Sunday, 27 October 2013

A Murder of Crows

Convict chain gang in New South Wales

A couple of generations ago, the discovery of a convict ancestor was considered a terrifying prospect which haunted any reputable Australian citizen. Robert Hughes, in his book The Fatal Shore, likened it to an individual "perched like a crow" on what might otherwise be a 'respectable' family tree.

In more enlightened times, the idea fascinates and intrigues us and we want to know more about the circumstances in which those ancestors found themselves.

The Percival 'crow' was called Moses, a ploughman with a wife and three children, born circa 1805 in Great Tey, Essex. In 1831, he was sentenced to 14 years exile in Van Dieman's Land - modern day Tasmania - for stealing a sack of barley.

Over 165,000 convicts were transported to Australia between 1789 and 1868 when transportation ceased. Moses fell victim to the Georgian perception of criminality, that society could rid itself of the 'criminal classes' by sending them off to some distant land.

Having lost America as a destination for its exiled convicts following the American War of  Independence, Parliament was under pressure to find an alternative destination. England's gaols and hulk ships - rotting decommissioned vessels used as extensions to the country's prisons - were full to overflowing and the situation was becoming dire. Inmates even rioted in protest at the intolerable conditions.

The hulk 'Discovery', at Deptford

Desperate for a way out of the crisis, the authorities finally allowed themselves to be swayed by favorable reports that Botany Bay satisfied their criteria of having fertile soil, a good climate, fresh water, pasture and an abundance of fish - an over optimistic assessment which the first settlers would learn to their cost. It would take years of hardship and near starvation before the colony learned how to tame the unfamiliar land and feed itself.
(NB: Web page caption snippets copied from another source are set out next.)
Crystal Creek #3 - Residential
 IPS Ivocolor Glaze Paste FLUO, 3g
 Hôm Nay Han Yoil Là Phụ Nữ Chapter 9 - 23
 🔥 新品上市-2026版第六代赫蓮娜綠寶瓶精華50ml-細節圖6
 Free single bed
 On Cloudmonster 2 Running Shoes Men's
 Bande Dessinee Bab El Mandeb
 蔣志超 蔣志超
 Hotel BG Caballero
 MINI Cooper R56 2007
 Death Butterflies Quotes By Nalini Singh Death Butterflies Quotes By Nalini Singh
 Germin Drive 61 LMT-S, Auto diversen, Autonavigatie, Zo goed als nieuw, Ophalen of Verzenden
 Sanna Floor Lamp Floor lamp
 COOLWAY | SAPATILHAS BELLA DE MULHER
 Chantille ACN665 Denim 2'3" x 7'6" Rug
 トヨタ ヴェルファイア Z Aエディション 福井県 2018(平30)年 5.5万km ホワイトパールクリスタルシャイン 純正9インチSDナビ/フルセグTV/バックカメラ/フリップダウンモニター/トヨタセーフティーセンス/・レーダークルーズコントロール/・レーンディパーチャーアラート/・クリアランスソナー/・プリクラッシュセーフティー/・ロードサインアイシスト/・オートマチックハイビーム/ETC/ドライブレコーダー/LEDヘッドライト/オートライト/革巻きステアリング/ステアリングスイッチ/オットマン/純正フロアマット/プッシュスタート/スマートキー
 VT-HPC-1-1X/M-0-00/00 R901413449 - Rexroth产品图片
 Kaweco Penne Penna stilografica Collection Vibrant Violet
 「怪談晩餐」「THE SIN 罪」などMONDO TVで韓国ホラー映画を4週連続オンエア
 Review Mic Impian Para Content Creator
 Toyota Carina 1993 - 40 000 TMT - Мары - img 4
In the penal 'system', convicts served out their sentence providing free labour for landowners and other settlers in the colony. Well behaved prisoners would be given a 'ticket of leave' which allowed them certain freedoms, and once they'd served their time, a pardon would be issued and they would become free settlers. Those who were less cooperative suffered harsh treatments - the wearing of leg-iron, flogging or dispatch to one of the stricter penal colonies such as Norfolk Island which gained a brutal reputation for the way it treated its inmates.

Moses Percival's convict record noting his pardon in 1838.
An empty page suggests he was a model prisoner with no misdemeanours recorded!
(courtesy of Archive Office of Tasmania)

After gaining their freedom, prisoners often remained in the colony to make a new life for themselves and this appears to have happened to Moses Percival. He worked for Mr Andrew Tolnie for some years, receiving his Pardon in 1838, after serving only half of his 14 year sentence. But there is no record of him returning to England and in 1844 back in Essex his wife, Hannah, remarried.


If you want to find your own 'crows', there's a wealth of information on Australian convicts on the Internet.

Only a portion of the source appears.